Comments submitted to the U.S. Department of Health and Human Services (HHS) by the General Counsel of the U.S. Conference of Catholic Bishops (USCCB) on the controversial birth control mandate say the rules still force religious employers to provide services they find morally objectionable, and urge the administration to resolve “in favor of more, not less, religious freedom.”
“We believe that this mandate is unjust and unlawful – it is bad health policy, and because it entails an element of government coercion against conscience, it creates a religious freedom problem,” wrote Anthony Picarello, USCCB associate general secretary and general counsel, and Michael Moses, associate general counsel. “These moral and legal problems are compounded by an extremely narrow exemption that intrusively and unlawfully carves up the religious community into those that are deemed ‘religious enough’ for an exemption, and those that are not.”
The comments were submitted in response to President Barack Obama’s “accommodation” to the HHS mandate which was announced on February 10. The accommodation was aimed at establishing alternative ways of ensuring contraceptive coverage for employees enrolled in health plans of religious organizations while still “accommodating” the conscience rights of those organizations. Most believe the accommodation fell short and was nothing more than an accounting gimmick.
In comments submitted by the USCCB in the public comment period, the bishops note that such an accommodation would only apply to some religious organizations and that it “would still leave their premiums or plans (or both) as the source or conduit for the objectionable ‘services.’ But the use of premiums and plans for that purpose is precisely what is morally objectionable, and having an insurer or third party administer the payments does not overcome the moral objection.” The comments concluded that, under the terms set out in the “accommodation,” the revision simply “cannot provide effective relief even for those few stakeholders that qualify for it.”

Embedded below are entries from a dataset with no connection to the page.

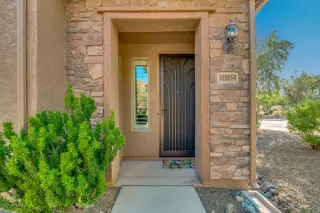 Photo #2: 6095567 Listing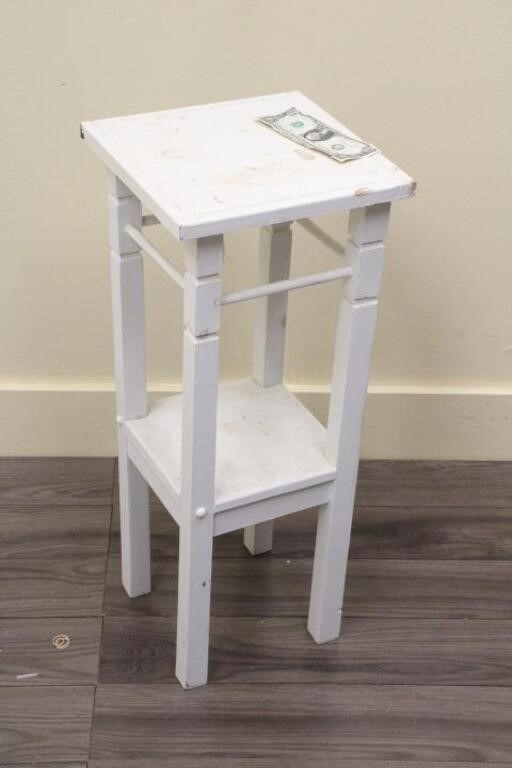 PAINTED WOOD PLANT STAND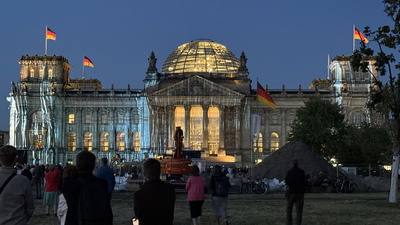 Reichstag - Verhüllung Lightshow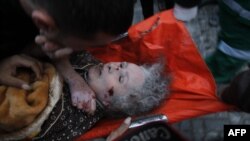 Палестинські медики переносять до свого автомобіля поранену жінку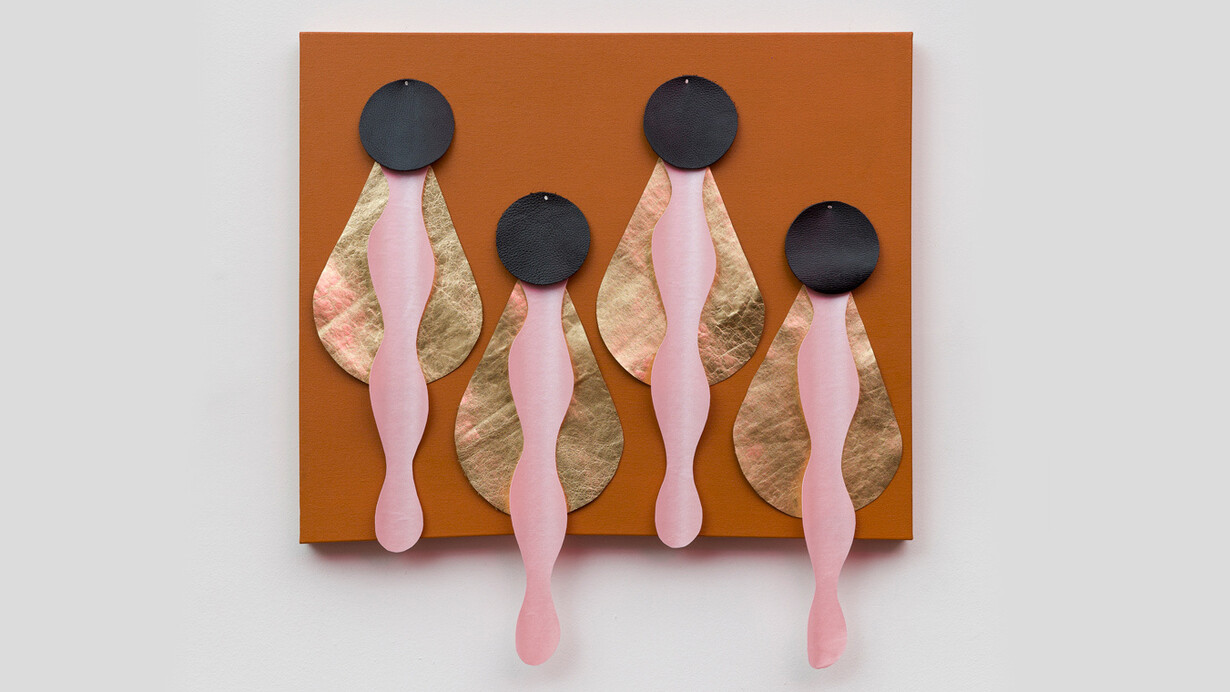 Elle de Bernardini,The Mulata 2021 Cattle leather-synthetic leather and acrylic on canvas 62x60 cm. Courtesy of The Flat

The comments outlined six points:
First, it doesn’t change the fact that contraceptive services are included in the list of mandated preventive services. This has remained unchanged from an earlier regulation announced in August 2011.

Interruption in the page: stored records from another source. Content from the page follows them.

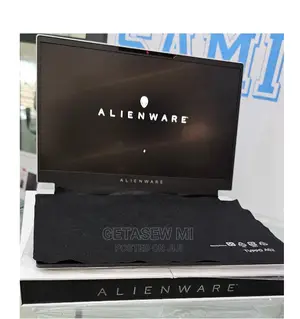 New Laptop Alienware M17x R2 16GB Intel Core I7 SSD 512GB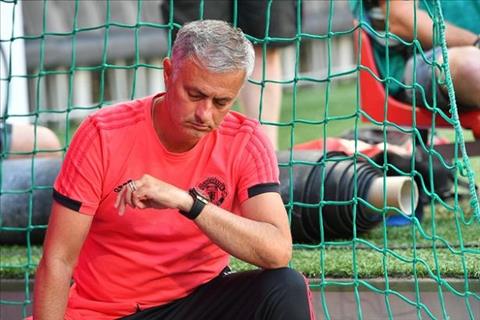 Góc nhìn: Jose Mourinho cần phải mỉm cười nhiều hơn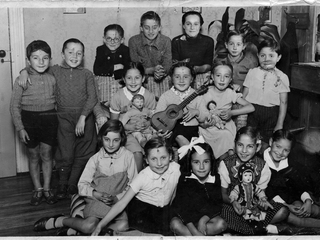 Reunión de niños Reunión de niños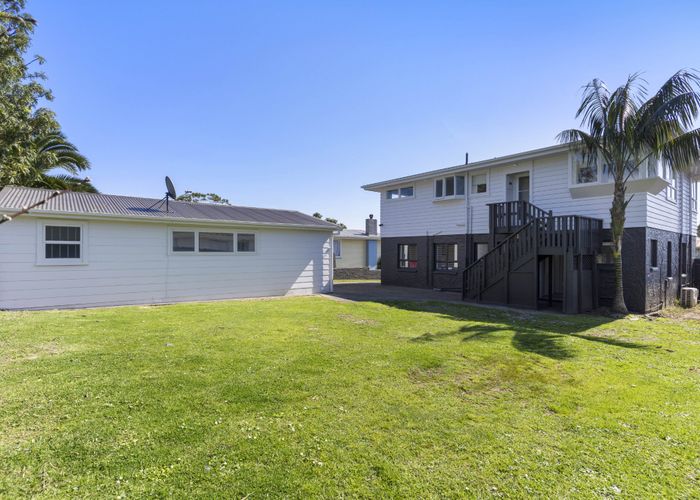  at 5 Brentford Place, Manurewa, Auckland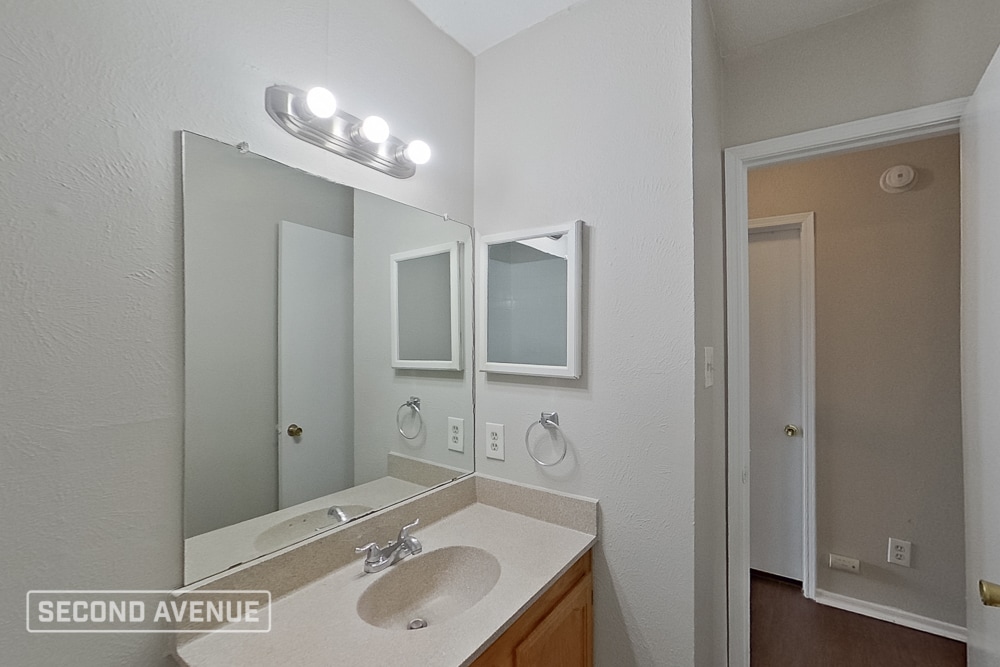 Building Photo - 9124 Pinehaven Dr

Second, it does not change the administration’s criteria for defining “religious employers” exempted from the mandate, an exemption that USCCB calls “unprecedented in federal law, improperly narrow, and unlawful.” These criteria include that employers primarily hire and serve only members of their own religion.
Third, many stakeholders in the health insurance process—religious and secular insurers, religious and secular for-profit employers, individual policy-holders, and others—with a conscientious objection to the mandate are completely ineligible for the exemption. The accommodation does not acknowledge or address this problem, and as a result, those stakeholders “will be required in the next few months either to drop out of the health insurance marketplace, potentially triggering crippling penalties, or to provide coverage that violates their deeply-held convictions.”
Fourth, while the administration has invited public comment on some further “accommodation” for certain non-exempt religious organizations, secular stakeholders will receive no such accommodation. “We believe that the contraceptive mandate violates the religious and conscience rights of these stakeholders as well and is unlawful.”
Fifth, regardless of the definition of “religious organization,” the central problem remains, that “conscientiously-objecting non-exempt religious organizations will still be required to provide plans that serve as a conduit for contraceptives and sterilization procedures to their own employees, and their premiums will help pay for those items.” The administration has invited comment on different approaches for how to deal with a self-insured employer, but “none of them will solve the problems that the mandate creates for non-exempt religious organizations with a conscientious objection to contraceptive coverage.”
Sixth, the accommodation raises new questions such as whether employers must be independently exempt for their employees to participate in an exempt plan, whether religious objection to some, but not all, contraceptives should be accommodated and whether a past practice of mistakenly or unknowingly covering contraceptives should disqualify one from accommodation.
“In each case, we urge resolution of these questions in favor of more, not less, religious freedom,” Picarello and Moses wrote.